10.10.2008 | aktual.: 10.10.2008 18:44
Do Polski w ramach rządowego programu ochrony mają wkrótce przylecieć z Iraku współpracownicy polskiego kontyngentu wojskowego. Chodzi m.in. o tłumaczy.
Komorowski podkreślił, że zasady pomocy zostały jasno określone. Obywatele iraccy, którzy znajdą się na terytorium Polski będą obywatelami irackimi. Jeśli zdecydują się w przyszłości na stały pobyt w Polsce, to będzie to im najprawdopodobniej umożliwione - mówił Komorowski.
Natomiast jeśli w przyszłości zdecydują się pojechać do innego kraju, wrócić do Iraku lub jakiegokolwiek innego kraju sąsiedniego, to będzie ich wybór. Polska jest demokratycznym krajem, nikogo na siłę nie będzie trzymać - dodał Komorowski.
Szef MON Bogdan Klich nie chciał mówić o szczegółach operacji transportu z Iraku do Polski współpracowników naszego kontyngentu wojskowego. Zapowiedział, że komunikat w tej sprawie zostanie wydany, kiedy osoby te znajdą się już w naszym kraju.
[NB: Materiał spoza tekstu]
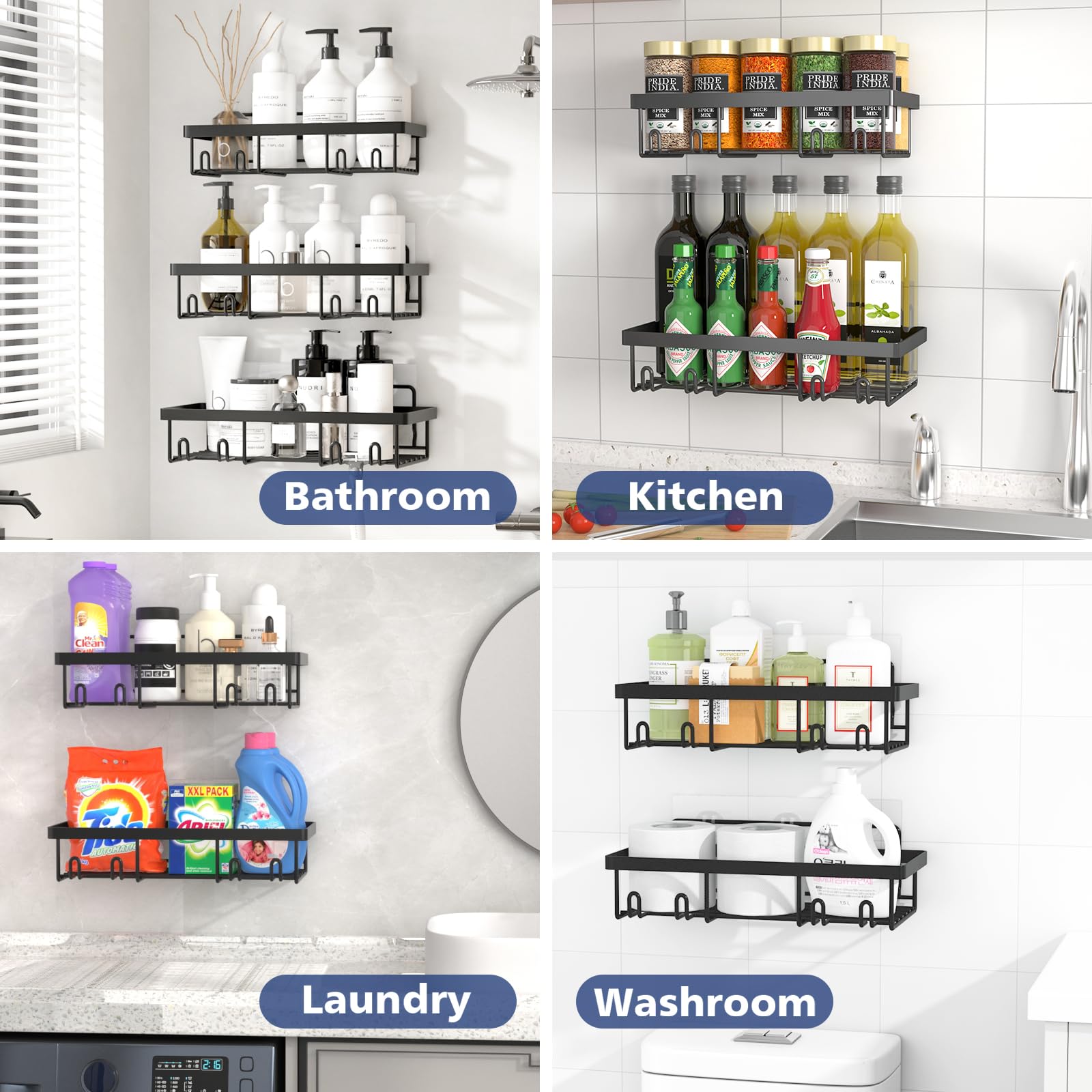 Liuoud Shower Caddy 10 Pack, Shower Organizer Shelves For Inside Shower, Bathroom Self Adhesive Shower Rack, Durable Stainless S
Są to działania niejawne - zaznaczył Klich i zaapelował, by z tej sprawy nie robić sensacji, bo jak podkreślił nie jest to operacja służb, ale operacja realizowana zgodnie ze strategią przyjętą przez Radę Ministrów.
Zależy nam na tym, żeby te osoby, które zostały zakwalifikowane do skorzystania z pomocy, która zakłada możliwość osiedlenia się na ziemi polskiej albo czasowego pobytu na ziemi polskiej, żeby tu dotarły i mogły z tej formy pomocy skorzystać - powiedział Klich.
W sierpniu Rada Ministrów przyjęła propozycję złożoną przez MON dotyczącą systemu ochrony tych wszystkich, którzy współpracują z polskimi kontyngentami wojskowymi i policyjnymi. MON podawało wtedy, że pomoc w przypadku misji irackiej dotyczyłaby ok. 200 osób; w tej liczbie są już rodziny współpracujących z naszymi żołnierzami Irakijczyków.
O zapewnienie bezpieczeństwa irackim tłumaczom po wycofaniu polskiego kontyngentu apelował do szefa MON w grudniu ubiegłego roku Rzecznik Praw Obywatelskich. Zwracał uwagę, że pozostawienie tych osób w Iraku, bez możliwości zapewnienia im bezpieczeństwa, jest równoznaczne z wydaniem na nich wyroku śmierci. Praktyka "opieki" nad współpracownikami wojsk po zakończeniu misji jest powszechnie stosowana m.in. przez Danię i Australię.